STD war schon der wirklich allerletzte Rotz, als hätten das ein paar Irre unter Einfluss von Alkohol und Drogen auf der Latrine zusammengeschrieben. 

Ist mir unbegreiflich, wie man im Jahr 2020 noch so einen Müll bringen kann. The Expanse, The Orville, Mandalorian, Altered Carbon, Upload ... andere aktuelle Science-Fiction ist so viel besser als der Kurtzman-Müll - ohne ein Franchise zu vernichten. 

Picard und die Short Treks sind auch nicht besser gewesen. Und doch immer wieder Kurtzman. Widerlich. 

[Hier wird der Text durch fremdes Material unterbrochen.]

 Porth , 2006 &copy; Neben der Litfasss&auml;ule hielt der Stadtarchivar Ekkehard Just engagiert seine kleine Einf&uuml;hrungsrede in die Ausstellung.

https://youtu.be/rnlxugk3Qb0


----------



## Gamer1970 (16. Mai 2020)

Und noch mehr Bullshit aus dem Hause Kurtzman. Alles beliebig austauschbar. Nein danke.


----------



## redeye5 (16. Mai 2020)

Das Star Trek von heute heißt in der Tat The Orville.
Picard hab ich mir noch ganz gern angeschaut, aber ehrlich gesagt auch nur weil ich es schön fand, die alten Charaktere wieder zu sehen. Immerhin wurde dort im Vorfeld schon angekündigt, dass es keine typische Star Trek Serie wird.
Durch Odyssey habe ich mich echt nur durchgequält. Dort habe ich auch nicht das Bedürfnis irgendeinen der Charaktere in dieser Aufmachung noch mal wieder zu sehen.


----------



## iago (16. Mai 2020)

Ich persönlich freue mich auf Pike und Co. hab die Folgen mit ihnen sehr gerne gesehen.


----------



## Zero-11 (16. Mai 2020)

nice, noch ein Discovery spin-off nach Sektion 31

hoffentlich bekommt Picard kein spin-off


----------



## Gast1659561002 (17. Mai 2020)

sfc schrieb:


> https://youtu.be/rnlxugk3Qb0



Übel, die verhunzen aber auch echt alles. Die 11. Doctor Who-Staffel ist auch so ein fail...


----------



## muadib (17. Mai 2020)

Man sollte eine Regel einführen, bei der nach 20-30 Jahren ein Unternehmen alle exklusiven Rechte an einer Marke, wie z.B. Star Trek, verliert und jeder, Star Trek Filme und Serien, produzieren und vertreiben darf.

Ich erachte so ziemlich alle inoffiziellen Star Trek Produktionen der letzten Jahre wertvoller, als alle offiziellen Erscheinungen. Selbst Youtube Produktionen, in denen Jugendliche in ihrer Garage einen Film drehen, versprühen mehr Star Trek Flair, als alle offiziellen Produktionen der letzten 15 Jahre. Leider haben die Rechteinhaber, vor allem den professionellen Fan-Produktionen, viele Steine in den Weg gelegt.


----------



## Krautmausch (3. Juni 2020)

Ich wünschte, ich könnte mich darauf freuen, aber solange dieselben Köpfe dahinter stecken wie hinter Discovery und Picard, fehlt mir der Glaube, dass es dieses Mal etwas anderes wird als bisher.


----------